Confiemos en nuestro Pueblo, en su memoria y en su “olfato”, confiemos que el
Espíritu Santo actúa en y con ellos, y que este Espíritu no es solo “propiedad”
de la jerarquía eclesial.
He tomado este ejemplo de la pastoral popular
como clave hermenéutica que nos puede ayudar a comprender mejor la acción que
se genera cuando el Santo Pueblo fiel de Dios reza y actúa. Una acción que no
queda ligada a la esfera íntima de la persona sino por el contrario se
transforma en cultura; una cultura popular evangelizada contiene valores de fe
y de solidaridad que pueden provocar el desarrollo de una sociedad más justa y
creyente, y posee una sabiduría peculiar que hay que saber reconocer con una
mirada agradecida (EG 68).
Entonces desde aquí podemos preguntarnos,
¿qué significa que los laicos estén trabajando en la vida pública?

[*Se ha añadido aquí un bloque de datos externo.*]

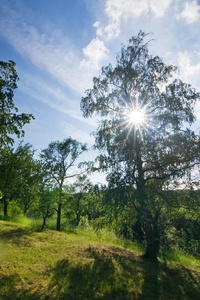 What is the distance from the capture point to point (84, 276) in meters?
5.98

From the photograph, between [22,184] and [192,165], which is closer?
[192,165]

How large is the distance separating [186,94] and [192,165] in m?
4.35

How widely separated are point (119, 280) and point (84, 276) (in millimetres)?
1388

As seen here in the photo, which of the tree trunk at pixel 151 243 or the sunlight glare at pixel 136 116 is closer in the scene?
the tree trunk at pixel 151 243

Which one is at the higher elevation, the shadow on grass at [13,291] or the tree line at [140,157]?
the tree line at [140,157]

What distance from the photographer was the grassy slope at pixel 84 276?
4867 mm

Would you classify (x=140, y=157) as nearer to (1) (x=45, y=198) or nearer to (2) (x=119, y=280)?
(2) (x=119, y=280)

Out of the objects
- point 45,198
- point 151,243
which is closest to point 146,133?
point 151,243

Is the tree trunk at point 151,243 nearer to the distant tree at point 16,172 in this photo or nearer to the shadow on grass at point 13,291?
the shadow on grass at point 13,291

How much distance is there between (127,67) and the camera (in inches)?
403

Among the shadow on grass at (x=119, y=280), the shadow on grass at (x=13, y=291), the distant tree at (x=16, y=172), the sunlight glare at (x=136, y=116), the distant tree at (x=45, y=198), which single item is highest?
the sunlight glare at (x=136, y=116)

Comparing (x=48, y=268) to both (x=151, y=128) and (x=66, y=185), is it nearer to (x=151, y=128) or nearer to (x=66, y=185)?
(x=151, y=128)

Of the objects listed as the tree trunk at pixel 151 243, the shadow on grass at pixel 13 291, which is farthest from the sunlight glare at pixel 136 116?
the shadow on grass at pixel 13 291

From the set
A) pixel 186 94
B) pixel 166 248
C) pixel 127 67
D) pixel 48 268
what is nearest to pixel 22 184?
pixel 48 268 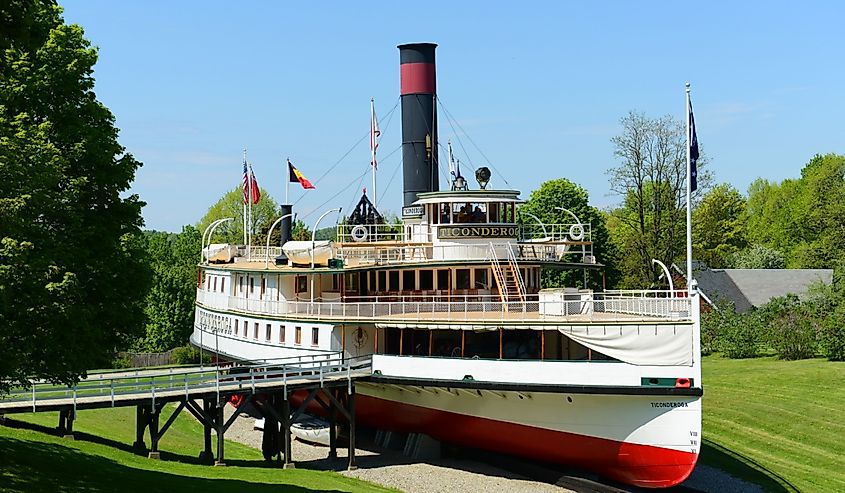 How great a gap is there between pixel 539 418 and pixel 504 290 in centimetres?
444

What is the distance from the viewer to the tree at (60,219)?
19562 mm

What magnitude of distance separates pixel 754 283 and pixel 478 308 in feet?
160

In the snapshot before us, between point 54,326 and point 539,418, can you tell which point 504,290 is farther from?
point 54,326

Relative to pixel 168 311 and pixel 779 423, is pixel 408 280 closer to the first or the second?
pixel 779 423

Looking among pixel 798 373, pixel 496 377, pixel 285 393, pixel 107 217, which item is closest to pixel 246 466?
pixel 285 393

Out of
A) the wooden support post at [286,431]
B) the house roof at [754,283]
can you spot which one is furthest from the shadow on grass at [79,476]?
the house roof at [754,283]

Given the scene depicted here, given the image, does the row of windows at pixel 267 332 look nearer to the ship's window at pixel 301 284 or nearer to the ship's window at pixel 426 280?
the ship's window at pixel 301 284

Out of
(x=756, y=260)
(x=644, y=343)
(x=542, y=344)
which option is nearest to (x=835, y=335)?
(x=644, y=343)

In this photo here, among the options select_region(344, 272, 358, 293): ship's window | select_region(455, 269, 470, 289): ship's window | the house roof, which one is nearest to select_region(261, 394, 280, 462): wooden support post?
select_region(344, 272, 358, 293): ship's window

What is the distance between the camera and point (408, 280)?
35250 millimetres

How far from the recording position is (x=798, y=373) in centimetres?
4809

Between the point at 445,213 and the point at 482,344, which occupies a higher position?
the point at 445,213

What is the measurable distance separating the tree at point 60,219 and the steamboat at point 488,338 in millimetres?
10352

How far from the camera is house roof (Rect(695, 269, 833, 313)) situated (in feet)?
242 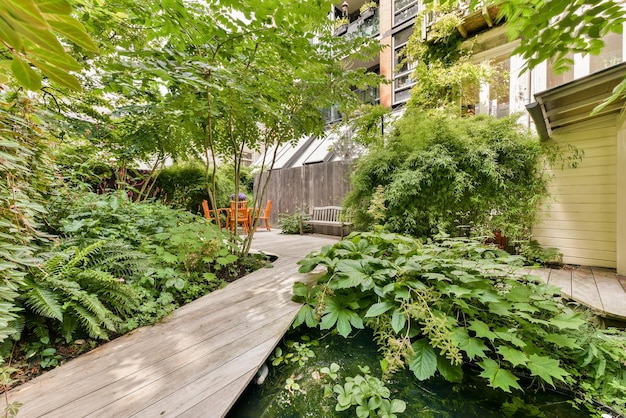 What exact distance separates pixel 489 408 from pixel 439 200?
246 cm

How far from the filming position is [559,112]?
10.5 feet

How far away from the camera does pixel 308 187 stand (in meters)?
7.60

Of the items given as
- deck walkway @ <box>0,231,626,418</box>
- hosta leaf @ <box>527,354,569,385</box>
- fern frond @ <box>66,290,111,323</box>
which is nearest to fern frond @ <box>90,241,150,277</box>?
fern frond @ <box>66,290,111,323</box>

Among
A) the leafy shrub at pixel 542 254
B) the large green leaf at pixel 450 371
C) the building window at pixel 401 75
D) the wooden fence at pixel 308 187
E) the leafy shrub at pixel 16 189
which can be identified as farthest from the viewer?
the building window at pixel 401 75

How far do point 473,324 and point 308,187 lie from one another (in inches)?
247

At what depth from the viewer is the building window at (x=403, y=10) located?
6.99m

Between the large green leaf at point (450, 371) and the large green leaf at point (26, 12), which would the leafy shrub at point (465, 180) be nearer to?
the large green leaf at point (450, 371)

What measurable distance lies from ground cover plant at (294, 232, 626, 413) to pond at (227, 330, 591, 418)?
0.09 m

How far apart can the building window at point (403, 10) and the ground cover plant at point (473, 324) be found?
25.7 ft

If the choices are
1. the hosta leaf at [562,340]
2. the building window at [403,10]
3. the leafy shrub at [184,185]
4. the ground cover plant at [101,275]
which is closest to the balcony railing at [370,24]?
the building window at [403,10]

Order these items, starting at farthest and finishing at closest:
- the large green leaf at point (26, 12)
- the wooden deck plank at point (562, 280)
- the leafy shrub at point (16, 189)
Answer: the wooden deck plank at point (562, 280) < the leafy shrub at point (16, 189) < the large green leaf at point (26, 12)

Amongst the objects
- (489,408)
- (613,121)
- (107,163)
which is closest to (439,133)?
(613,121)

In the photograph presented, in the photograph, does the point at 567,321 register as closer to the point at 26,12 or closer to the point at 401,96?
Result: the point at 26,12

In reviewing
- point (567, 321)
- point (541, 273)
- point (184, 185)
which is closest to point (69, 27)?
point (567, 321) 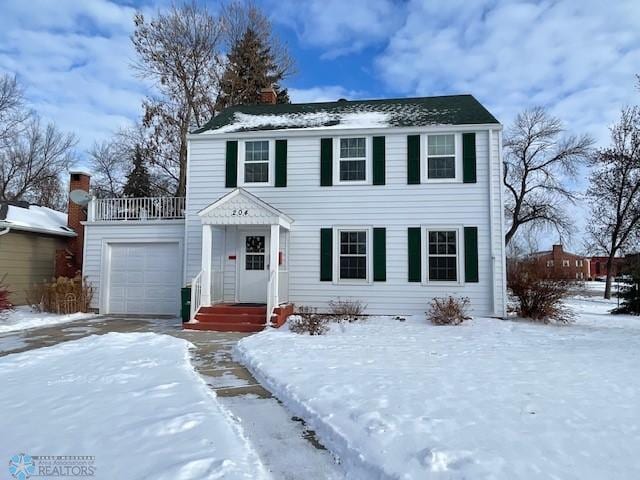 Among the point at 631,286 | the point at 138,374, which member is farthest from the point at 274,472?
the point at 631,286

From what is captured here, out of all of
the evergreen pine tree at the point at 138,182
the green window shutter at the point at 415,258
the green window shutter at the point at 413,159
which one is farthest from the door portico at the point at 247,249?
the evergreen pine tree at the point at 138,182

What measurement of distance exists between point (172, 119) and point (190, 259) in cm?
1230

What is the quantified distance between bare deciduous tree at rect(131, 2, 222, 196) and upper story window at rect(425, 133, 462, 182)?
14046 mm

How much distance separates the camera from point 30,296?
547 inches

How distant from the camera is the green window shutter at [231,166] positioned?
12625mm

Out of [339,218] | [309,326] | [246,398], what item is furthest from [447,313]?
[246,398]

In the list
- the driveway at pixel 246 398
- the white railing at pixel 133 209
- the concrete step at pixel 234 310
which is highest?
the white railing at pixel 133 209

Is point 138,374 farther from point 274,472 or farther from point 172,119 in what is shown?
point 172,119

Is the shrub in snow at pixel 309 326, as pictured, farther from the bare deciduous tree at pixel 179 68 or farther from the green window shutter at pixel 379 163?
the bare deciduous tree at pixel 179 68

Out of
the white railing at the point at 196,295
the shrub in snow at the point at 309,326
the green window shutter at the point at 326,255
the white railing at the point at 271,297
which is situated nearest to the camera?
the shrub in snow at the point at 309,326

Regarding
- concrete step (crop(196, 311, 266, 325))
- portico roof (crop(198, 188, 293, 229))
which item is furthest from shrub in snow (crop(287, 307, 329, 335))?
portico roof (crop(198, 188, 293, 229))

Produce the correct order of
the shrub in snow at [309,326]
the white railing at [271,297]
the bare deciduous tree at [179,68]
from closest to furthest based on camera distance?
the shrub in snow at [309,326], the white railing at [271,297], the bare deciduous tree at [179,68]

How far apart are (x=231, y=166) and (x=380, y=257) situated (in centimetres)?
504

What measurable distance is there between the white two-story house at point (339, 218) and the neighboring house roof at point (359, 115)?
0.32ft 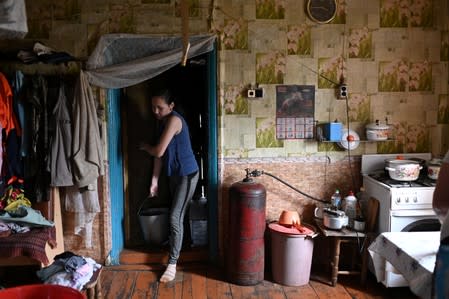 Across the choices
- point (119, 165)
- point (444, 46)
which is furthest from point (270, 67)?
point (119, 165)

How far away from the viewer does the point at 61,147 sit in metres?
3.15

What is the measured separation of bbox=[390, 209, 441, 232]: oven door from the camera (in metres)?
3.06

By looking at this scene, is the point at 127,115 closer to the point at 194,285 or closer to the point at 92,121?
the point at 92,121

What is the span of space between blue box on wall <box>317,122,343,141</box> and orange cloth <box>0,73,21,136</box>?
91.2 inches

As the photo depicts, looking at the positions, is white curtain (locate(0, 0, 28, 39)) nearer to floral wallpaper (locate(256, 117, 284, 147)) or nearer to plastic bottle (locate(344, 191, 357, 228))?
floral wallpaper (locate(256, 117, 284, 147))

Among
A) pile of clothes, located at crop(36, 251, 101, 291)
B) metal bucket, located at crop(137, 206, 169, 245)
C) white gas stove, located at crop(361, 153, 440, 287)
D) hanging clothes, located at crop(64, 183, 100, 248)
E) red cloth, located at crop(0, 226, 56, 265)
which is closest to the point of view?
A: pile of clothes, located at crop(36, 251, 101, 291)

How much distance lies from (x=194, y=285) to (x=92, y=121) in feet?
4.81

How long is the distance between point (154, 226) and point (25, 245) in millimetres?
1449

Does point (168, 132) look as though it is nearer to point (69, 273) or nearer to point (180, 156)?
point (180, 156)

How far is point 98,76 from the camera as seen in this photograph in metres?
3.34

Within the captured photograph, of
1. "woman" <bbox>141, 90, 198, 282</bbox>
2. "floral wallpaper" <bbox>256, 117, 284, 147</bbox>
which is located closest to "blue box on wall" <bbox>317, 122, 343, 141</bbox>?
"floral wallpaper" <bbox>256, 117, 284, 147</bbox>

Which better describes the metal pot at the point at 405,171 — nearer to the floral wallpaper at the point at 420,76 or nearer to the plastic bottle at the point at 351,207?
the plastic bottle at the point at 351,207

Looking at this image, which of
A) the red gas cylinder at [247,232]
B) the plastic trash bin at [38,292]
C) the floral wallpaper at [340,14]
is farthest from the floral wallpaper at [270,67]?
the plastic trash bin at [38,292]

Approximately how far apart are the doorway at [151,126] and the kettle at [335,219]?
1.32 meters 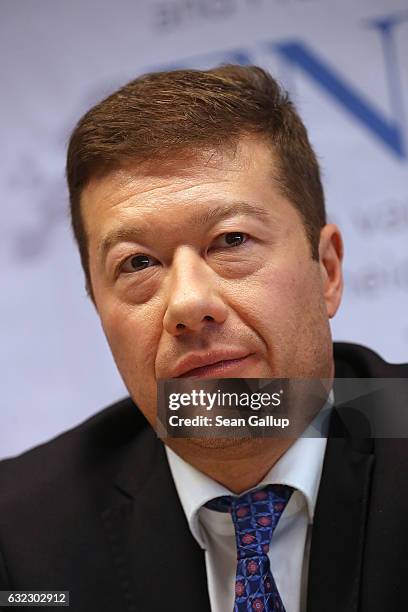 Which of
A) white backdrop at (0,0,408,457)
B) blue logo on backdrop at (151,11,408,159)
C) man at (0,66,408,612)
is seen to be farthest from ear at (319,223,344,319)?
blue logo on backdrop at (151,11,408,159)

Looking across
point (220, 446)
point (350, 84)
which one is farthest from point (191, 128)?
point (350, 84)

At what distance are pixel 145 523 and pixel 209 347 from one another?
1.29ft

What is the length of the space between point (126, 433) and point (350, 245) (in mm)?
813

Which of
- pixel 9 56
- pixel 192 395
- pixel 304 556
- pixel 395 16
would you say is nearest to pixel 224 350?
pixel 192 395

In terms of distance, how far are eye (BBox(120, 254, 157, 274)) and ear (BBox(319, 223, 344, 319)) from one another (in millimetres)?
303

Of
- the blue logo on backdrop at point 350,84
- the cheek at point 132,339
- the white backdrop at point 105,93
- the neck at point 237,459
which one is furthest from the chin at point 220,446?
the blue logo on backdrop at point 350,84

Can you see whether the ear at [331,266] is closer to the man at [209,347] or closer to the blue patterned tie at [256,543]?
the man at [209,347]

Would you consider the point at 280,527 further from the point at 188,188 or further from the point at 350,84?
the point at 350,84

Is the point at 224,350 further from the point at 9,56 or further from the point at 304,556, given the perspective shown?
the point at 9,56

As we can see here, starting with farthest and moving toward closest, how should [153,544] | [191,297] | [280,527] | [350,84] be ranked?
[350,84] → [153,544] → [280,527] → [191,297]

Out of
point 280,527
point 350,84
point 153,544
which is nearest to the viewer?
point 280,527

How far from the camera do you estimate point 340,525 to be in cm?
120

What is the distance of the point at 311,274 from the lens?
4.27 feet

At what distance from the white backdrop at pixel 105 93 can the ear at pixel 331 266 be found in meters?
0.63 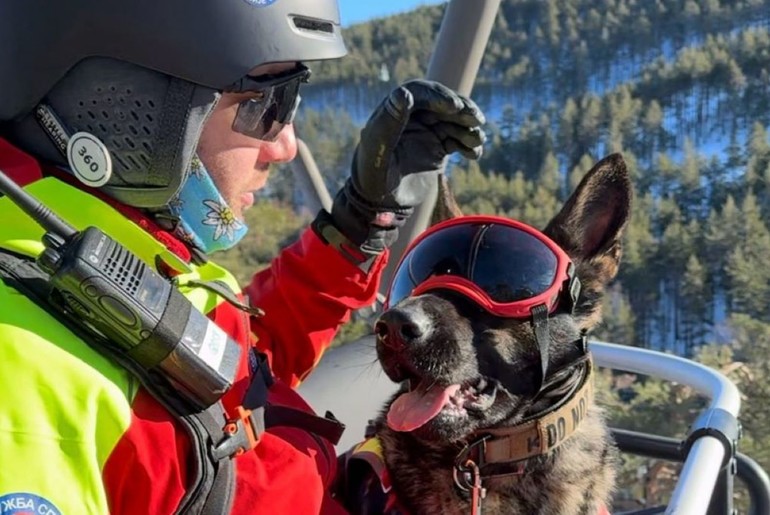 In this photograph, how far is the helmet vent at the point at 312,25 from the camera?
5.33 ft

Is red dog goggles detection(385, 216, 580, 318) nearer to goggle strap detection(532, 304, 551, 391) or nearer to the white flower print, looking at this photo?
goggle strap detection(532, 304, 551, 391)

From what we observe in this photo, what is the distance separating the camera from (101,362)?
1.23 metres

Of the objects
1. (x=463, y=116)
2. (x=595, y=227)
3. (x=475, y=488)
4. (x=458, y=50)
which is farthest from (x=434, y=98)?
(x=458, y=50)

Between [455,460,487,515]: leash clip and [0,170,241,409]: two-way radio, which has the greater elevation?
[0,170,241,409]: two-way radio

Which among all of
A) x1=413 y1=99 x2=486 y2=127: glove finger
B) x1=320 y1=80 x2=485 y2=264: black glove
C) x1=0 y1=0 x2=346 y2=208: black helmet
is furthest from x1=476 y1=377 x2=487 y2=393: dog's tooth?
x1=0 y1=0 x2=346 y2=208: black helmet

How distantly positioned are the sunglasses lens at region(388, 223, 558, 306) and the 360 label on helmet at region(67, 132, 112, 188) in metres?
0.80

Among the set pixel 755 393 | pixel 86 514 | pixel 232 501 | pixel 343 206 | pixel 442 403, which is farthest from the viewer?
pixel 755 393

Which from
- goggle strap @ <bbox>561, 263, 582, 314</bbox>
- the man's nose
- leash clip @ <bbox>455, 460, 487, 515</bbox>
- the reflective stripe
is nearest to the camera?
the reflective stripe

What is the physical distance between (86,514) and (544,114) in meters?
48.0

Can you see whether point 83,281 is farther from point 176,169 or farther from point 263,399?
point 263,399

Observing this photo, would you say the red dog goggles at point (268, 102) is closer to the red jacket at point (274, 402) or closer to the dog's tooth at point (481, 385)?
the red jacket at point (274, 402)

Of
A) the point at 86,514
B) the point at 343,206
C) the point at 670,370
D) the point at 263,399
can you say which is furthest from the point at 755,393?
the point at 86,514

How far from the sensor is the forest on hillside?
343 inches

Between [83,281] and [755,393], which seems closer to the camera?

Hoy en día muchas de nuestras ciudades se han
convertidos en verdaderos lugares de supervivencia. Lugares donde la cultura
del descarte parece haberse instalado y deja poco espacio para una aparente
esperanza. Ahí encontramos a nuestros hermanos, inmersos en esas luchas, con
sus familias, intentando no solo sobrevivir, sino que en medio de las
contradicciones e injusticias, buscan al Señor y quieren testimoniarlo. ¿Qué
significa para nosotros pastores que los laicos estén trabajando en la vida
pública? Significa buscar la manera de poder alentar, acompañar y estimular
todo los intentos, esfuerzos que ya hoy se hacen por mantener viva la esperanza
y la fe en un mundo lleno de contradicciones especialmente para los más pobres,
especialmente con los más pobres. Significa como pastores comprometernos en
medio de nuestro pueblo y, con nuestro pueblo sostener la fe y su esperanza.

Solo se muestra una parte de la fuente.